By Shashwat Awasthi and Yadarisa Shabong
(Reuters) - London's main index enjoyed its best weekly performance since December 2016, as shares of exporters continued to benefit from a pound that is subdued amid renewed concerns about a chaotic Brexit at the end of 2020.
The FTSE 100 <.FTSE> inched 0.1% higher on Friday, also clocking its longest winning streak since May 2017 and the FTSE 250 <.FTMC> managed to squeeze in a 0.04% gain as Prime Minister Boris Johnson won approval for his Brexit deal.
After a breakthrough in U.S.-China trade talks and Johnson's election victory this month, investors now drew solace from Johnson's first step towards fulfilling his campaign pledge to deliver Brexit by Jan. 31.
"The fact that the bill was successful might have been reassuring to the pound – the faster things move, the more time there might be to hash out a trade deal with the EU," said Spreadex analyst Connor Campbell.
Lawmakers voted by 358 to 234 to pass the second reading of the legislation, underlining Johnson's large majority in parliament that should ensure a smooth ratification of the divorce deal.

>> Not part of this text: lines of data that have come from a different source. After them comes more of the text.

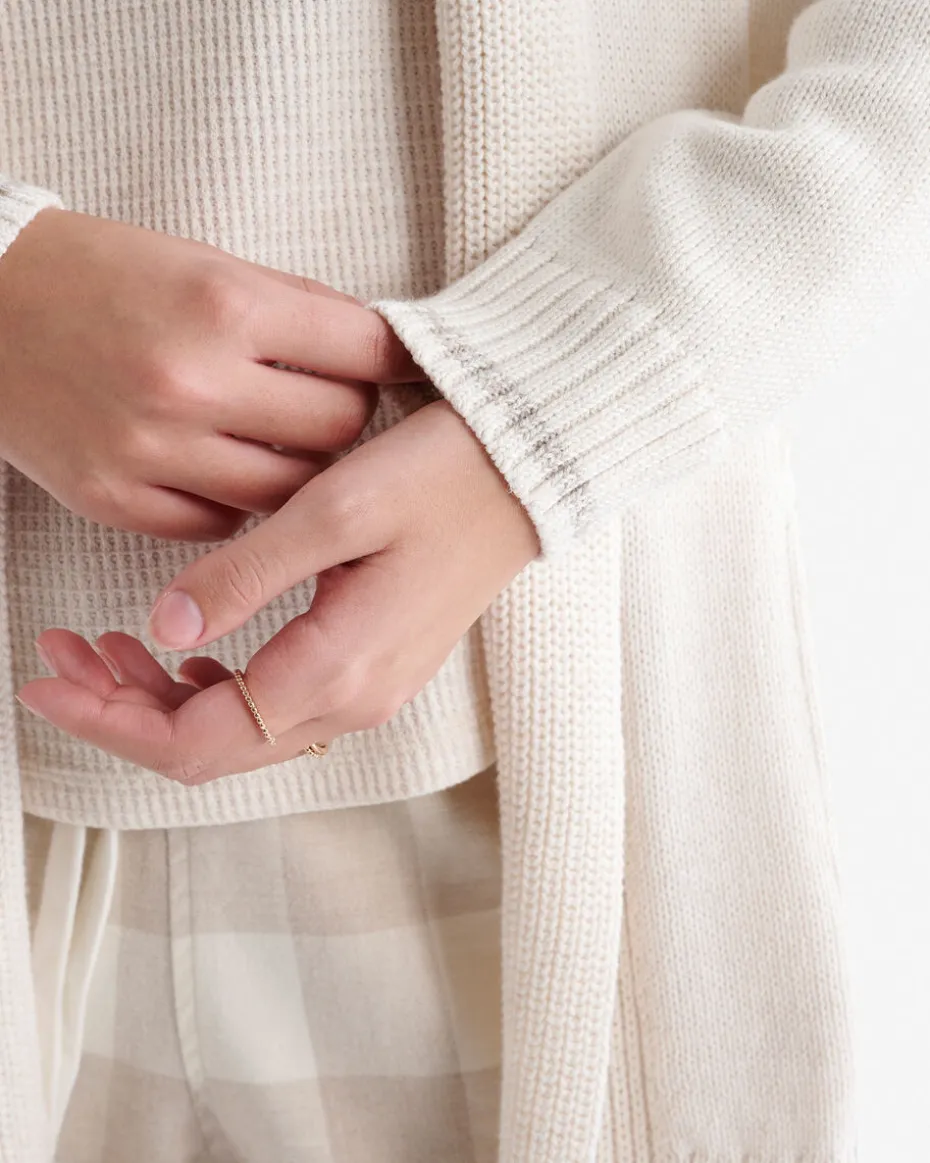 Cabin Shawl Open Cardigan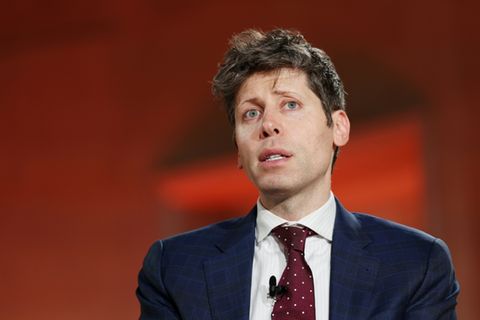 OpenAI-Chef Sam Altman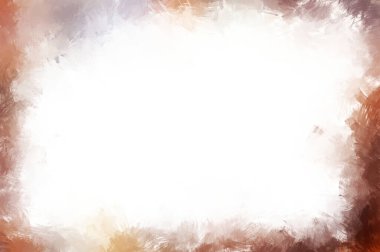 Modern sanat. Taranmış Boyalı Soyut Arkaplan. Fırça darbesi ile boyanmış. Boya darbeleri. 2B Görüntü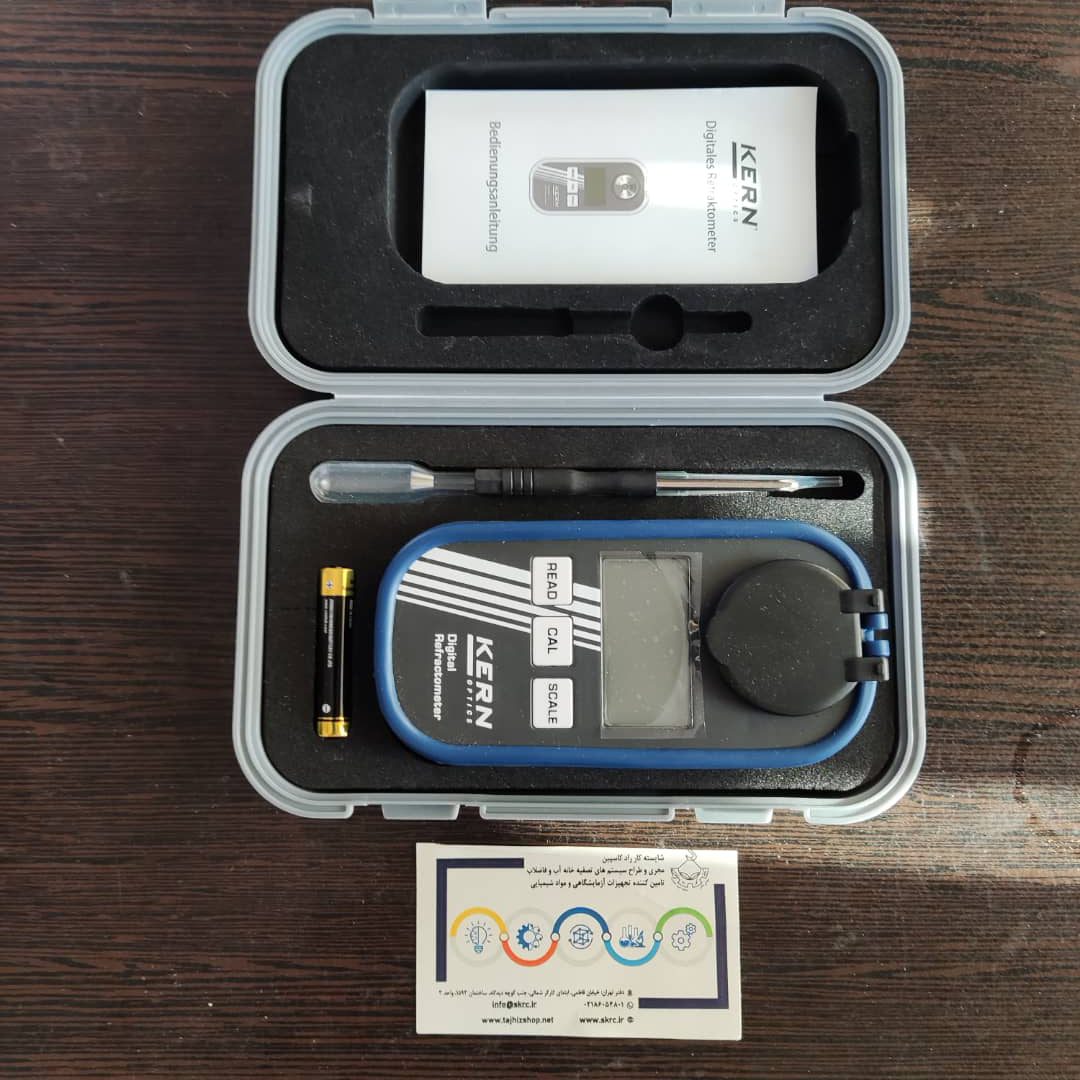 رفراکتومتر قهوه KERN ORM 1 CO رفراکتومتر قهوه KERN ORM 1 CO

Johnson's win triggered a rally in domestically-exposed stocks, though worries about Brexit have re-emerged due to a new provision for a hard, December 2020 deadline to reach a trade agreement with the European Union.
Sterling hovered near two-week lows, helping exporter stocks such as Diageo <DGE.L>, the world's largest spirits company, and household goods maker Reckitt Benckiser <RB.L>.
A weaker pound against the dollar helps international companies boost their earnings numbers.
Despite swinging between sharp gains and losses this week, the midcaps, whose components earn most of their money domestically, still bagged an eighth successive weekly jump.
London-listed shares of Carnival <CCL.L> climbed 6.8%, topping the blue-chip index after the cruise operator forecast 2020 profit above Wall Street expectations.
Shell <RDSa.L> dipped 1.6%, the biggest drag on the FTSE 100, after expecting to write down up to $2.3 billion in the fourth quarter and lowering its oil products sales forecast.
UAE-based NMC Health <NMC.L>, targeted by short seller Muddy Waters, plunged another 15.4% on its worst week ever. Its stock has shed nearly half of its value since Tuesday.
Shares of Just Eat <JE.L> fell 2.1%, a day after Dutch firms Prosus NV <PRX.AS> and Takeaway.com <TKWY.AS> tabled their final offers for the company. The British online food delivery company backs Takeaway's offer.